シーア派は、「預言者ムハンマドの従兄弟でありムハンマドの娘ファーティマの婿でもあったアリーの血を引く者が、カリフの後継者であるべきだ」とする。

そして、「アリーの血を引かないウマイヤ朝は打倒されるべきだ」とした。

従ってシーア派は、ウマイヤ朝の打倒に決起したアッバース家への協力を惜しまなかった。

アッバース家は、ムハンマドの血縁でもあった。

しかし、アッバース家がウマイヤ朝を倒して『アッバース朝』をたてると、シーア派は冷遇された。

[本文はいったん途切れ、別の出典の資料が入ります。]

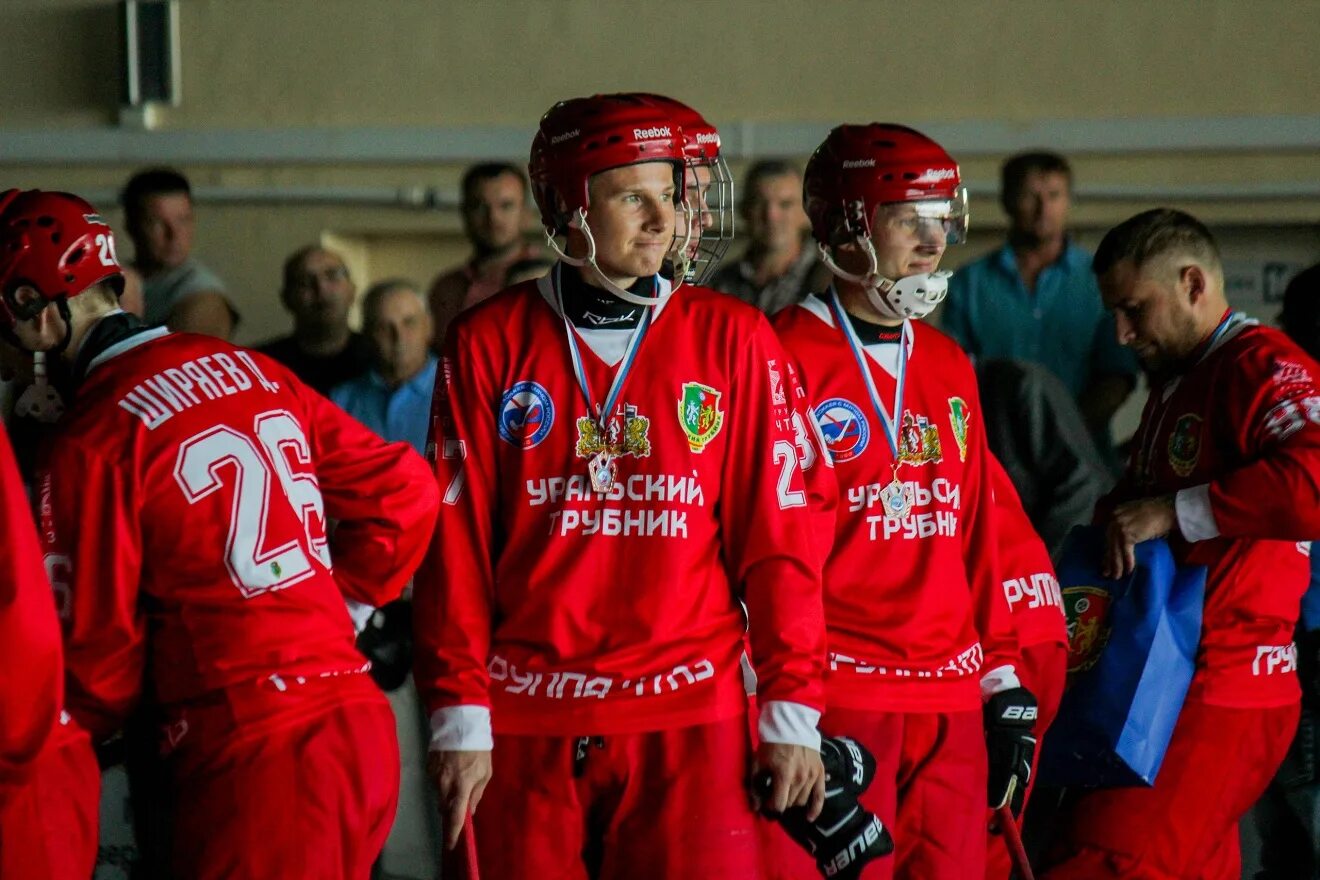 Трубников хоккей. Трубников хоккей. Хк уральский трубник с мячом. Хоккейная команда уральский трубник. Стадион уральский трубник первоуральск.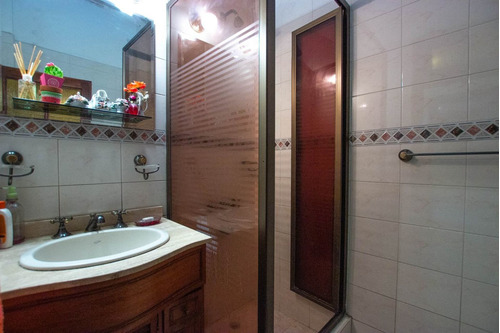Imagen 18 de 30 de Venta Casa Lote Propio 7 Ambientes En Pompeya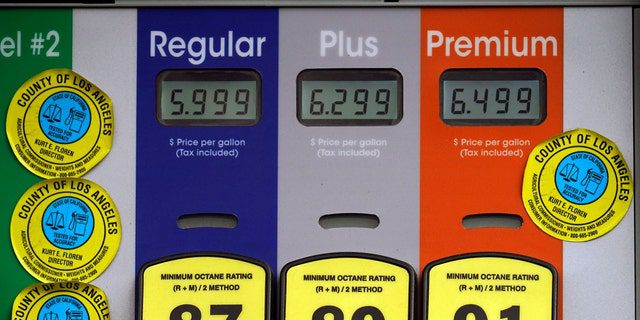 Yüksek benzin fiyatları, 7 Kasım 2021 Pazar, Beverly Hills, California'da tam hizmet veren bir benzin istasyonunda ilan edildi. Amerika Birleşik Devletleri'nde normal benzinin ortalama fiyatı, son iki hafta içinde 5 sent artarak galon başına 3,49 dolara çıktı.  (Fotoğraf: Associated Press/ Damien Devarganis)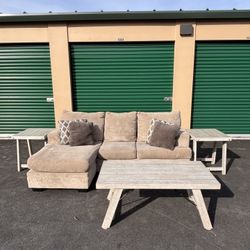 Sectional Couch 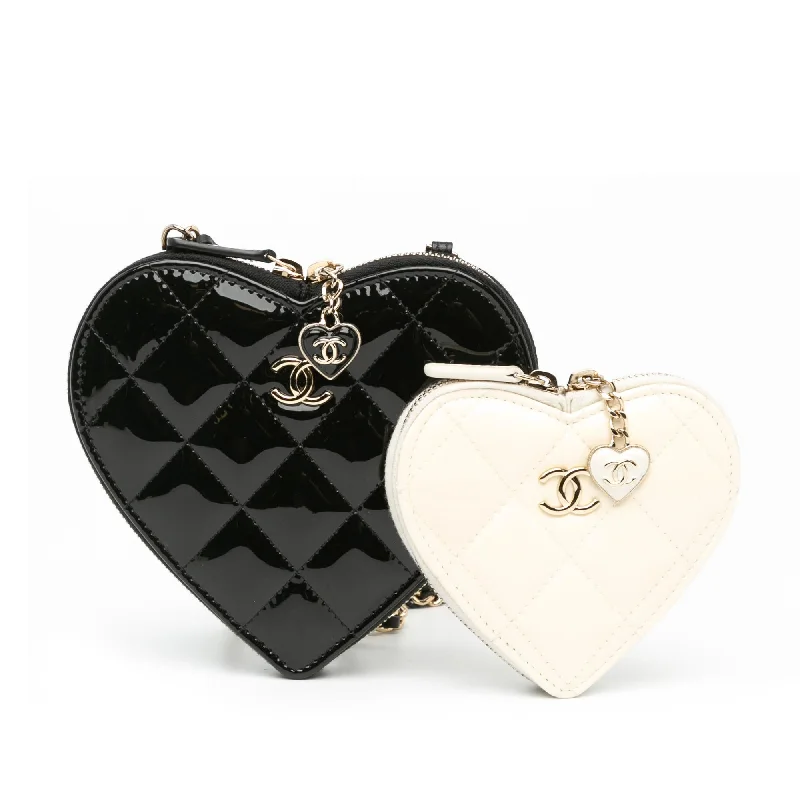 Chanel Quilted Patent Calfskin CC Heart Clutch With Chain (SHG-D1UX0k)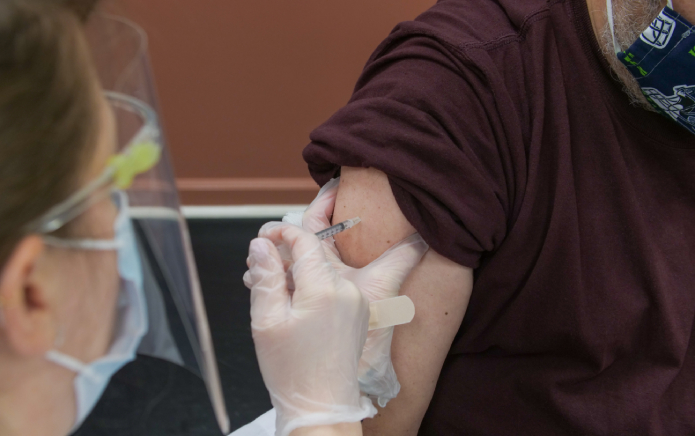 Moderna et IAVI lancent un essai clinique du programme de développement d'un vaccin anti-VIH à ARNm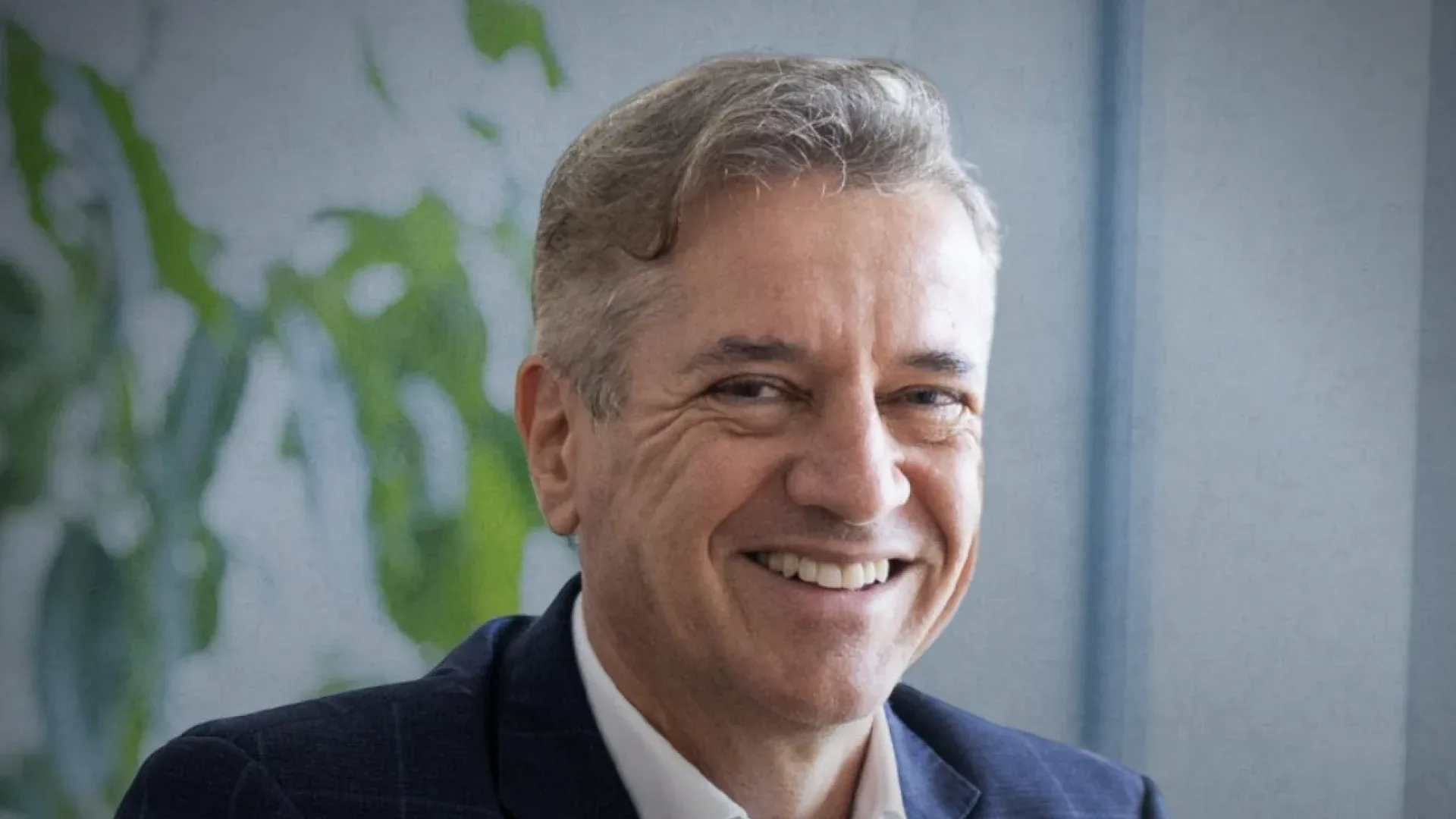 Dolenjske občine prejele dopis o vzpostavitvi pilotnega romskega naselja. Kaj jim je sporočil Golob?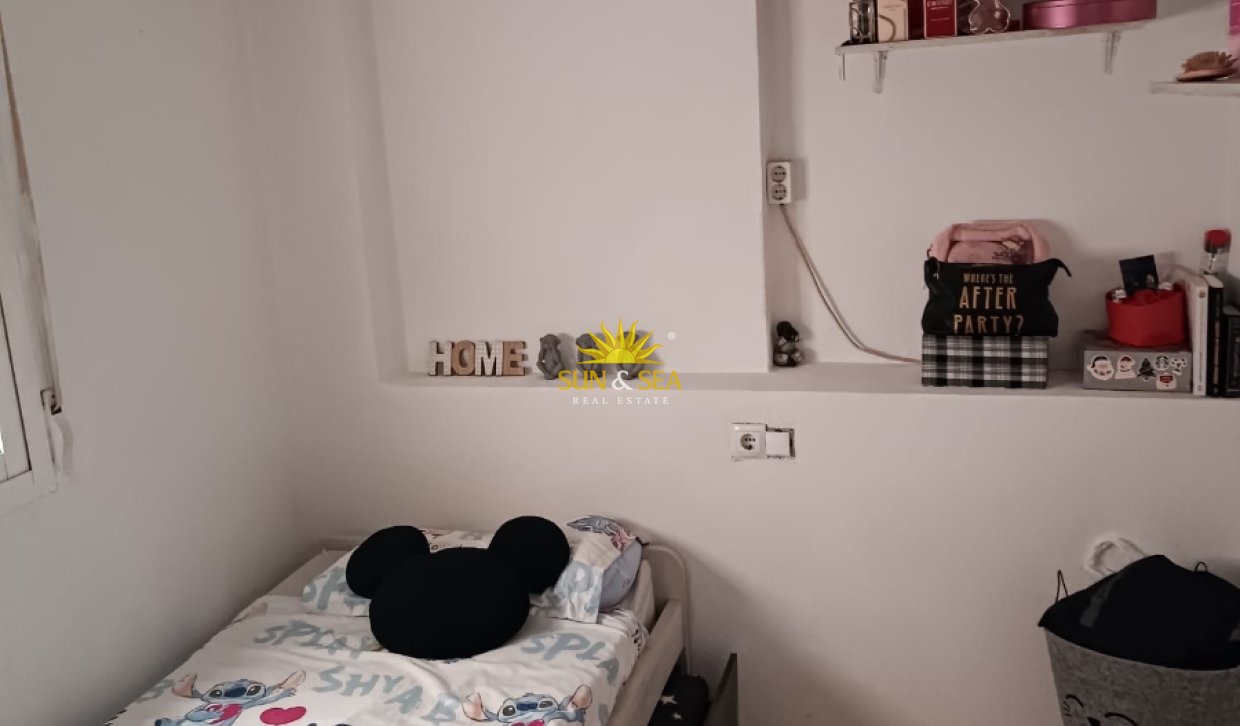 Alquiler a largo plazo - Apartamento - Torrevieja - Centro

そこでシーア派は、反体制派の態度を貫くことになった。

アッバース朝の10代目カリフのアル・ムタワッキルは、850年にシーア派の大迫害をし、アリーの墓やフセイン(アリーの子)の墓を破壊した。

この迫害を避けるために、シーア派は「仮託(タキーヤ)の原理」を唱え出した。

この原理は、「迫害された時には、偽装的な棄信を認める」というもの。

シーア派はタキーヤにことよせて、表面上はアッバース朝のカリフを崇めつつ、アリーの後裔たるイマームに忠誠を捧げ続けた。

シーア派は、その後ペルシャに定着して、日の目をみる事になる。

ペルシャ人は、アラブの主流であるスンニ派と対抗するために、シーア派となったと見られる。

(アラブはセム系人だが、ペルシャはアーリア系人)

1502年に確立された『サファヴィー朝ペルシャ』は、「7代目イマームのムーサ・アル・カージムの後裔だ」と称し、シーア派を国教として定めた。

この時以来、国王(シャー)は、神隠しにあった12代目イマームのムハンマドが救世主として再来するまでの「代理人」とされるようになった。

(第12代イマームのムハンマド・アル・ムンタザルは、シーア派の中では「878年にこの世から姿を消したが、最後の審判の日の直前に、救世主として姿を現す」とされている )

イスラム教は、シーア派という形でイラン(ペルシャ)に、ようやく根付くことになった。

ペルシャには古来からのゾロアスター教の伝統的な価値観があり、シーア派神学はその価値観を色濃く伝えている。

これは、ドイツに入ったキリスト教が、土俗宗教と交ざって、マリア信仰を強く押し出す形になっている事と共通している。